Spork you beat me to it

I was going to say we better chop down our rainforests because all those tall trees are disrupting the wind patterns!

I'm interested in the energy return per windmill for those typical 3 blade ones when there is only average wind.

Also, with regard to the 3 blade windmills, does anyone else reckon they're extremely inefficient? I mean you have all that space between the blades where wind is passing and in my opinion that is wasted power. Look at most other windmill designs, they have dozens of blades and looking at the front you can't see through them from the number of blades. Sorta like a jet engine.

Why then do they use only 3 blade windmills when more blades would generate more power or am I missing something?

Why do piston engine aeroplaces only have 2 or 3 blades and not 20 or 30?

To use more baleds, you need a much larger hub to put all those blades in. If you increase the hub size, you reduce the blade length.

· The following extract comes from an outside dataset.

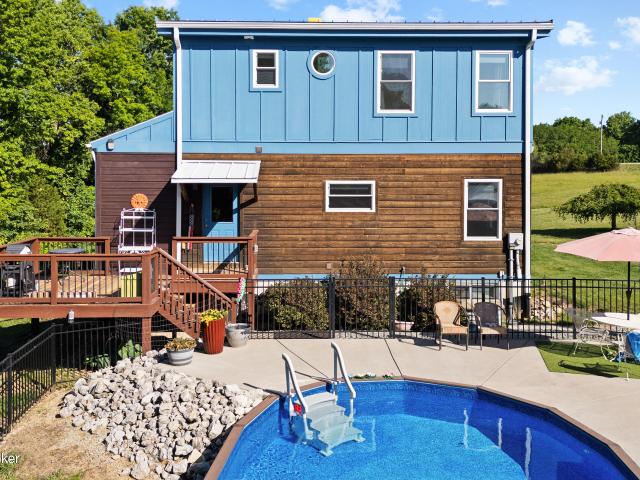 House for sale in Bloomfield, Kentucky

If you increase the hub size and want to keep the blade length the same, so have a few problems.

1. You probably have to make the tower taller so the blades clear the ground.

2. You're limited to the length of blade you use as you have to keep the tip speed below the speed of sound. Increase the blade length too much and in high wind conditions, your blade tips may exceed the speed of sound and become extremely inefficient.

3. More blades = more weight = more strength needed in the tower = higher production cost. If the wind machines cost 3 times as much to produce by using more blades, byt you only get a twice as much electricity, it takes much longer for the wind machine to pay for itself.